Task prompt: Send each entry back exactly as given, pictures excluded.

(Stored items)

[Start of Attachment]

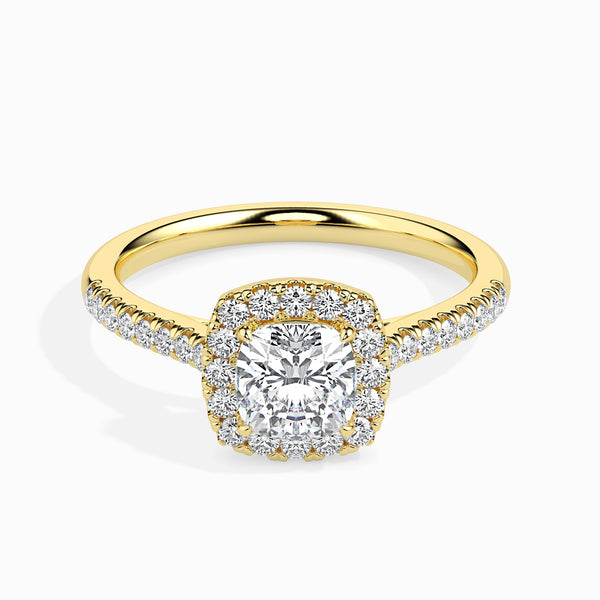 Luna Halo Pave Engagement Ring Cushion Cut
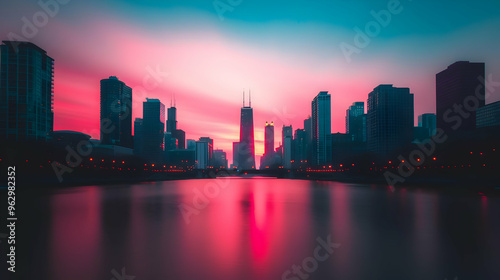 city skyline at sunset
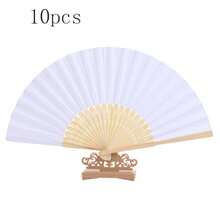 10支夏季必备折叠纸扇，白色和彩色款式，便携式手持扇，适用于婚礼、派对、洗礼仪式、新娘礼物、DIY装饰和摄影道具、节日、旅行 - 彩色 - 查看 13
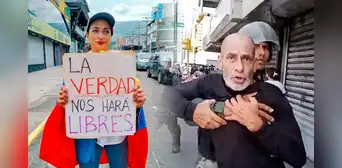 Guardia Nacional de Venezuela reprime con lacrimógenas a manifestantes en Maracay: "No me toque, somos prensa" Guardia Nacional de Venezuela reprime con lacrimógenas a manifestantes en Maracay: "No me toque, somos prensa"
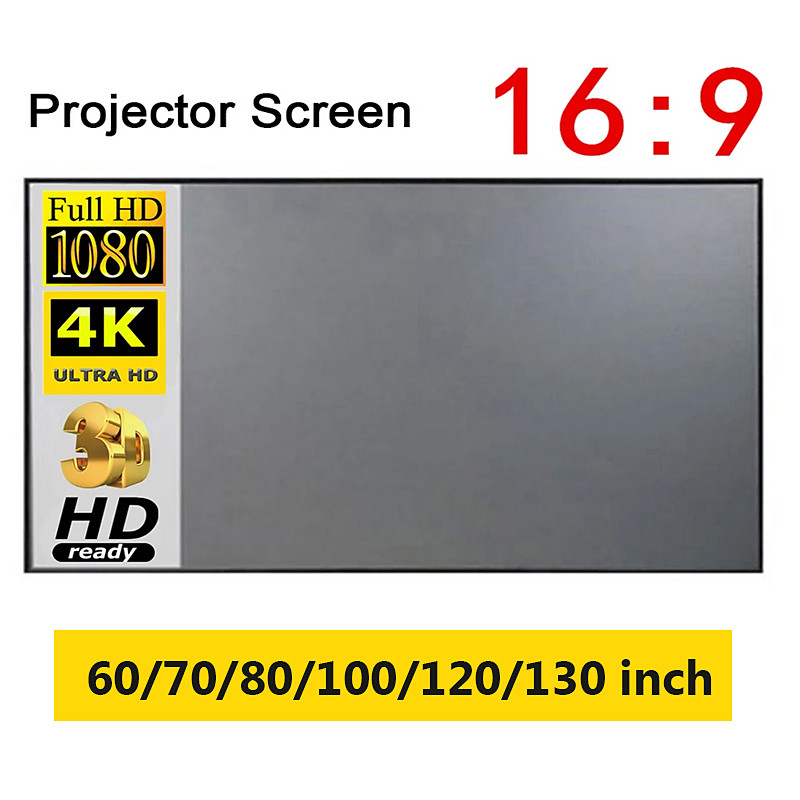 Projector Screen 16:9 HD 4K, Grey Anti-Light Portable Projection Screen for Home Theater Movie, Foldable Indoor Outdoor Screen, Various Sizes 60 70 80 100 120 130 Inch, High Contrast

[End of Attachment]

Expected answer:
 Luna Halo Pave Engagement Ring Cushion Cut
 city skyline at sunset
 10支夏季必备折叠纸扇，白色和彩色款式，便携式手持扇，适用于婚礼、派对、洗礼仪式、新娘礼物、DIY装饰和摄影道具、节日、旅行 - 彩色 - 查看 13
 Guardia Nacional de Venezuela reprime con lacrimógenas a manifestantes en Maracay: "No me toque, somos prensa" Guardia Nacional de Venezuela reprime con lacrimógenas a manifestantes en Maracay: "No me toque, somos prensa"
 Projector Screen 16:9 HD 4K, Grey Anti-Light Portable Projection Screen for Home Theater Movie, Foldable Indoor Outdoor Screen, Various Sizes 60 70 80 100 120 130 Inch, High Contrast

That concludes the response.